Paddy Kingsland's music is more accessible and straight-ahead – sometimes, it's a nuisance, particularly in Frontios, which just re-hashes the same old cues over and over to the point where my facial expression resembled Brazen's grumpy scowl. But there are some strong moments for Kingsland, whether it's the mournful score for Logopolis or the rock-driven backdrop to Mawdryn Undead.
The mid to late 1980s are also variable. Richard Hartley's sole contribution for Mindwarp is a belter, and one of the factors in making this tale such a clammy, claustrophobic one. The synthesised, doomy score pins down that feeling of dread and amplifies it, particularly in the climatic scenes of Peri's not-quite death.
Dominic Glynn contributes a fine score for Survival, and it actually sounds quite listenable in its own right with trendy guitar workouts and sinister screeching noises for the Cat people.
Mark Ayres is probably the most successful of the lot, producing some dramatic and well thought out cues, whether it's the strident army marches and Gothic Omen-esque horrors in The Curse Of Fenric, the dense, rich, orchestral-sounding score for Ghost Light (amazing what you can do on a synth) or the brightly creepy backdrop to The Greatest Show In The Galaxy.

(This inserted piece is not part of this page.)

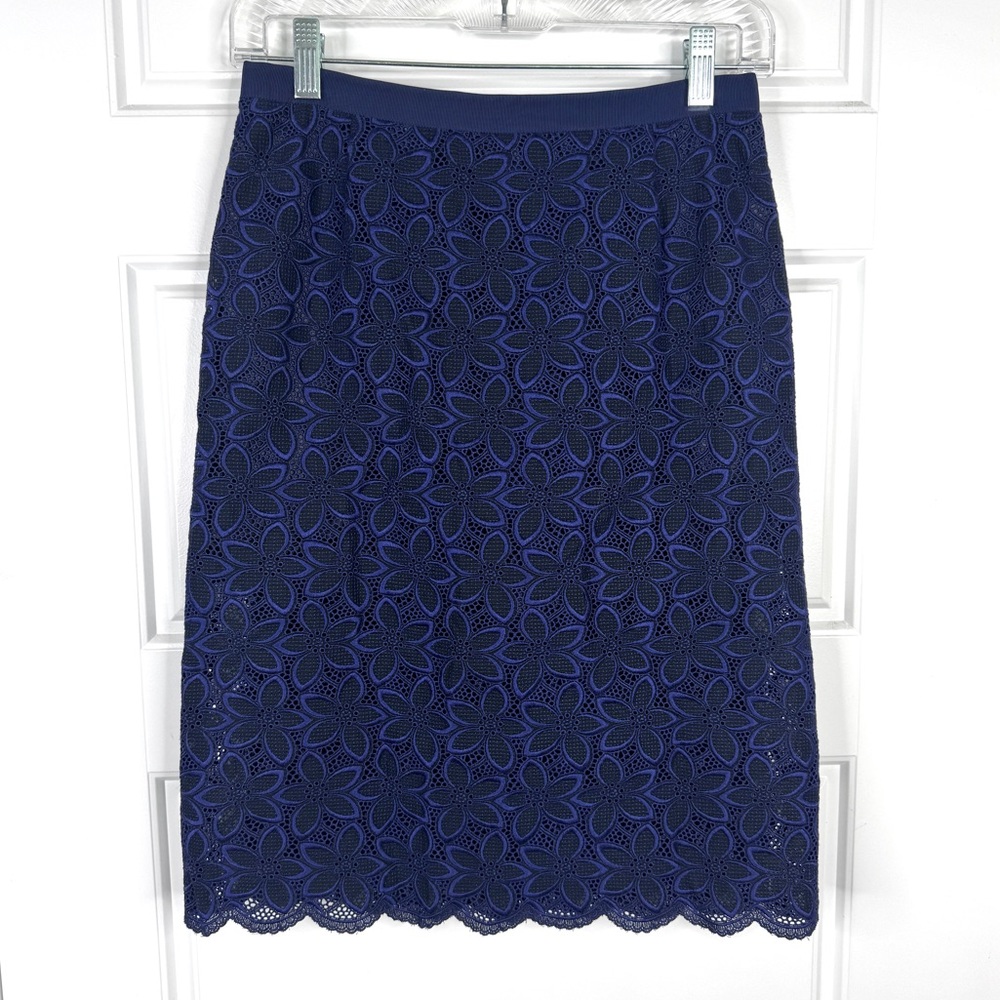 SACAI LUCK Lace Pattern Embroidered Skirt NEW Size 2 Blue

Keff McCulloch's scores are also notable, but maybe for the wrong reasons. While generally tuneful, they are somehow in the wrong context. I mentioned the trends of the time echoing what went on in Doctor Who, and again, this is the case for the late 1980s. The McCulloch scores are more rooted in pop, and at times sound like the Stock Aitken And Waterman domination of the pop charts between 1987 and 1989. Not only that, but we get a few housey drum fills as well – that sequence in Remembrance Of The Daleks, when The Doctor and Ace are hiding in a makeshift hut. It sounds like someone's dug out copies of House Arrest by Krush or Rok Da House by The Beatmasters to see which one has the loudest drum sound. Battlefield ain't much better with silly cues that alternate between sounding like Pet Shop Boys B-sides and gameshow theme songs. Still, at least Keff's Delta And The Bannermen rockabilly score is a hidden gem – dig those sounds of the '50s.
So that leaves us with Murray Gold, who brings new meaning to the word prolific. Having scored all of the 21st century Doctor Who stories to date, Gold has certainly made his mark on the revival, although he won't be composing for the next series.

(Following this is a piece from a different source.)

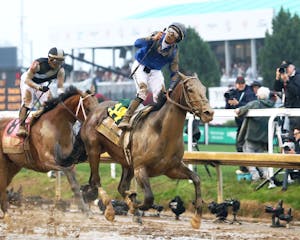 Sovereignty wins the 2025 Kentucky Derby at Churchill Downs.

So John, here's your biggest challenge – find the positives instead of babbling on about Murray's Pompous Choir, the volume turned up to eleven and the wall-to-wall histrionics.
OK, well, actually, a good number of Gold's scores work brilliantly. Random good scores: The eerie vocal workouts and the twinkly effects of Planet Of The Ood. The lovely remembrance of all things '20s in The Unicorn And The Wasp. The off-kilter brilliance of Silence In The Library/Forest Of The Dead. The music box jewels of The Girl In The Fireplace. The terrifying Master theme. The baroque eeriness of Heaven Sent. And that music cue which still ranks as one of my favourites in Doctor Who, which is repeated on a number of occasions (when Donna walks down the road remembering her adventures in The Sontaran Stratagem or when Martha prepares to say goodbye to The Doctor in Last Of The Time Lords). Does anyone know the name of this piece?
Incidental music, when it's done right, is a vital piece of the jigsaw. It needs to be used enough to create an impression – too little, and there's limited effect: too much and it swamps the action. Inappropriate music doesn't help, whether it's Murray's Pompous Choir or Carey Blyton making the Daleks look like laughing stocks, or dated keyboard sounds.
But in its element, a good incidental score can make you scared, make you happy, make you laugh or even make you cry. And isn't that what music's all about?